Seven people are dead after a World War II-era B-17 bomber crashed and burned at an airport in the United States.
- Seven people were killed and six hospitalised when a World War II-era Flying Fortress plane crashed in Connecticut
- The plane was a few minutes into its flight when it encountered trouble gaining altitude and lost control
- The vintage B-17 bomber is one of the most celebrated allied planes of World War II
The plane was carrying 13 people when it encountered mechanical problems on take-off near Hartford, Connecticut.
The Boeing B-17 Flying Fortress returned to Bradley International Airport within 10 minutes of take-off after pilots reported “some type of problem”, but it lost control on the runway and struck a maintenance facility and tanks of de-icing fluid, Connecticut Airport Authority executive director Kevin Dillon said.
The four-engine, propeller-driven plane was carrying 10 passengers and three crew members.
Seven people died in the crash and six others were hospitalised with injuries ranging from minor to critical, said Department of Emergency Services and Public Protection commissioner James Rovella.
Witnesses saw a “big ball of orange fire” before plumes of smoke filled the air. (AP: Antonio Arreguin)
He said some of those on board were burned, and “the victims are very difficult to identify”.
Mr Rovella said the death toll could rise, but that some lives were likely saved by the efforts of bystanders, including a person who raced to help the victims as well as passengers on the plane who helped others escape the fire by opening a hatch.
“You’re going to hear about some heroic efforts from some of the individuals that were in and around that plane,” he said.
The retired, civilian-registered plane was associated with the Collings Foundation, an educational group that brought its Wings of Freedom vintage aircraft display to the airport this week.
The vintage bomber — one of the most celebrated allied planes of World War II — was used to take history buffs and aircraft enthusiasts on short flights, during which they could get up and walk around the loud and windy interior.
The National Transportation Safety Board sent a team of 10 to investigate the cause of the crash.
The plane was a few minutes into the flight when the pilots reported a problem and said it was not gaining altitude, officials said.
It lost control upon touching down and struck the shed just before 10:00am.
Seven of the 13 people on board the plane were killed, and authorities say the death toll could rise. (AP: Jessica Hill)
Flight records show the plane had travelled about 3 kilometres and reached an altitude of 244 metres.
In recordings of audio transmissions, the pilot told an air traffic controller that he needed to return to the airport and land immediately.
Asked why, he said: “Number four engine, we’d like to return and blow it out.”
Brian Hamer, of Norton, Massachusetts, said he was less than 2 kilometres away when he saw a B-17, “which you don’t normally see”, fly directly overhead, apparently trying without success to gain altitude.
One of the engines began to sputter, and smoke came out the back, Mr Hamer said.
Boeing-built B-17 Flying Fortresses were used in daylight bombing raids against Germany during the war, and are popular among aviation enthusiasts (AP: Rich Pedroncelli)
“Then we heard all the rumbling and the thunder, and all the smoke comes up, and we kind of figured it wasn’t good,” he said.
Antonio Arreguin, who had parked at a construction site near the airport, said he did not see the plane but heard the explosion and could feel the heat from “this big ball of orange fire” several hundred metres away.
The same plane also crashed in 1987 at an air show near Pittsburgh, injuring several people, the Collings Foundation said.
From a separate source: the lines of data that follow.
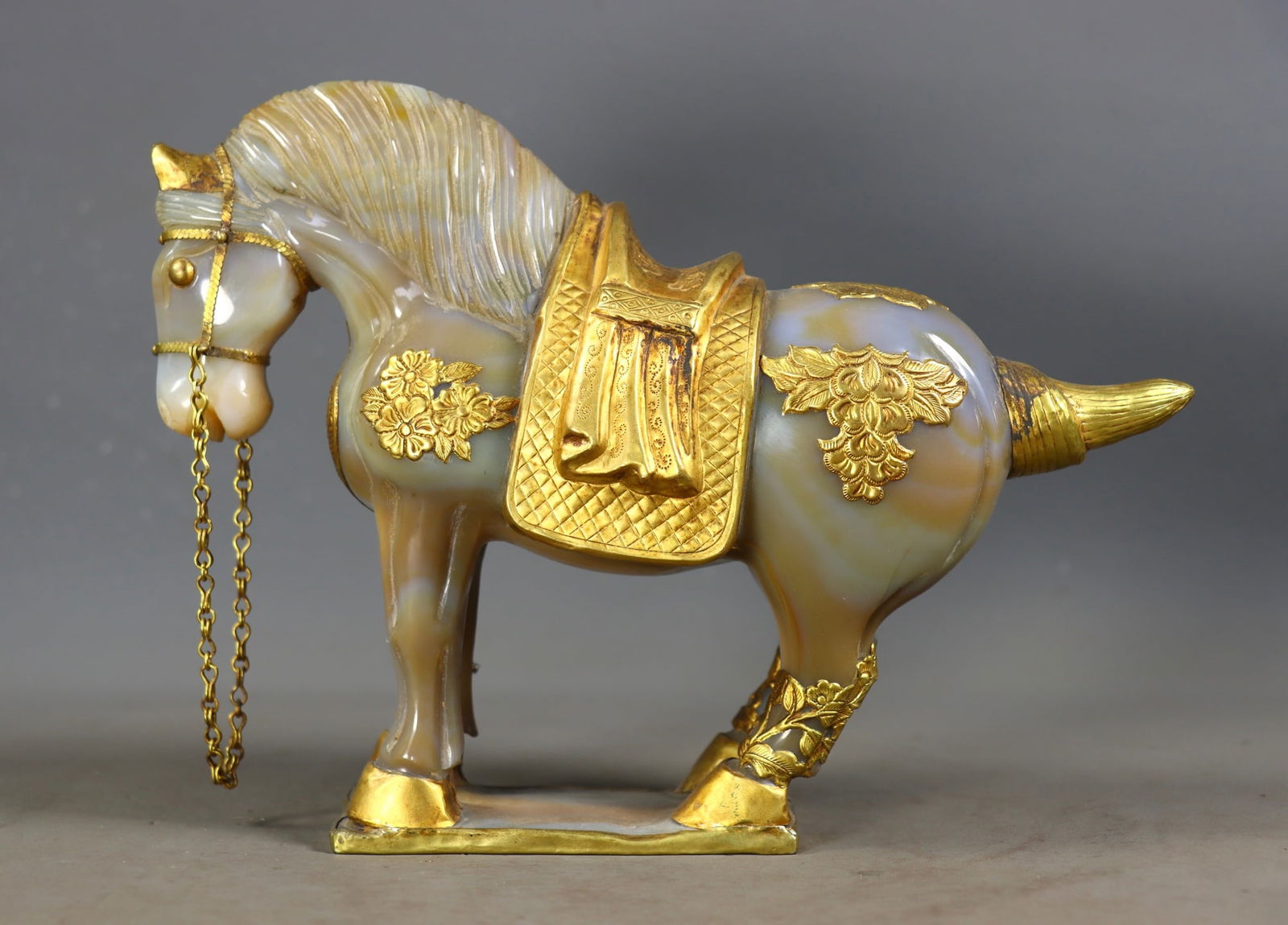 An Exquisite Agate Cover with Gold Horse Ornament: An Exquisite Agate Cover with Gold Horse Ornament Qing Dynasty, China Size:6.7inx8.5inx2in Weight:1583g玛瑙包金马摆件 中国清代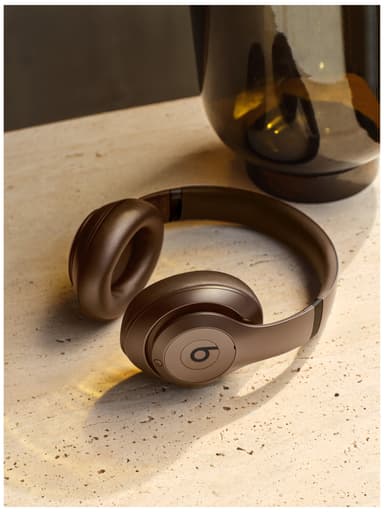 Beats Studio Pro trådløse around-ear hodetelefoner (dyp brun)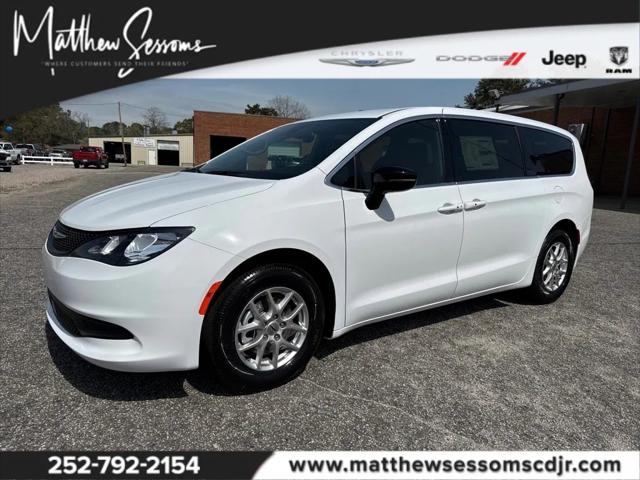 2025 Chrysler Voyager VOYAGER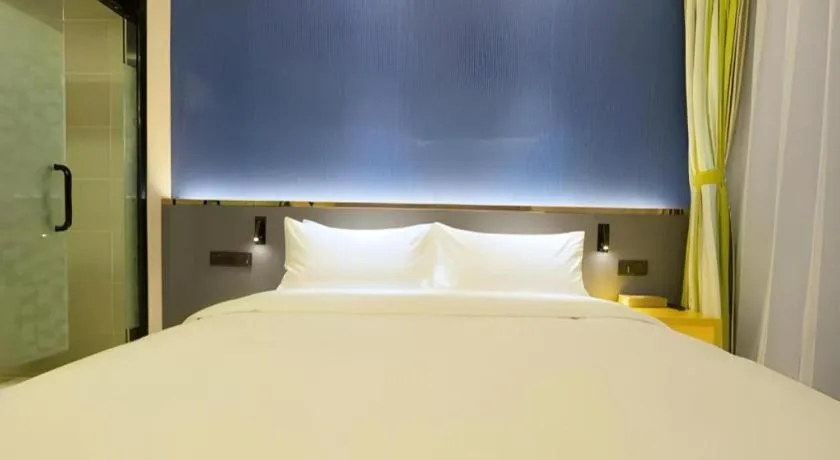 Bed in ibis Styles Beijing Capital Airport Hotel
Hit by a severe crosswind as it touched down, the bomber overshot a runway and plunged down a hill. It was later repaired.
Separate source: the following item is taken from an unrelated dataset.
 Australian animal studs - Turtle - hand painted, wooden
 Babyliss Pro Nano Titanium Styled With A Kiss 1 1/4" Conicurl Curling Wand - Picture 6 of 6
With a wing span of 32 metres, the Flying Fortresses helped battle the Nazis in World War II. (AP: John David Mercer)
The crash reduces to nine the number of B-17s actively flying, said Rob Bardua, spokesman for the National Museum of the US Air Force, near Dayton, Ohio.
The planes —23 metres long, with a wingspan of 32 metres — were used in daylight bombing raids against Germany during the war.
The missions were extremely risky, with high casualty rates, but helped break the Nazis’ industrial war machine.
The B-17 that went down was built in 1945, too late to see combat in the war, according to the Collings Foundation.